_What to work on_
Quote, without any change, the line that contains "Alloy Metal Frame" and all lines that follow it to the end of the data below.

================================

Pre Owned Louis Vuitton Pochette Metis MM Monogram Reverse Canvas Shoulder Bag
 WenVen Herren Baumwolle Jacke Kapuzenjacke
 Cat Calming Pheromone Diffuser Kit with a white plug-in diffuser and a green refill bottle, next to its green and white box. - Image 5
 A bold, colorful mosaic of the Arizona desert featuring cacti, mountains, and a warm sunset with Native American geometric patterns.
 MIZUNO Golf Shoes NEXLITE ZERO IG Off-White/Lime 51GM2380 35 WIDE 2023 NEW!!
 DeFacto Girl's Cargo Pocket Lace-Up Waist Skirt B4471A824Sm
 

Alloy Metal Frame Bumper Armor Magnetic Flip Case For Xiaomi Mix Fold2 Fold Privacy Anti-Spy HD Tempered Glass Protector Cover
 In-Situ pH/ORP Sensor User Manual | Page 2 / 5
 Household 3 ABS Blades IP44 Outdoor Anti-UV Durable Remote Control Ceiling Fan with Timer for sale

================================

_Completed exercise_
Alloy Metal Frame Bumper Armor Magnetic Flip Case For Xiaomi Mix Fold2 Fold Privacy Anti-Spy HD Tempered Glass Protector Cover
 In-Situ pH/ORP Sensor User Manual | Page 2 / 5
 Household 3 ABS Blades IP44 Outdoor Anti-UV Durable Remote Control Ceiling Fan with Timer for sale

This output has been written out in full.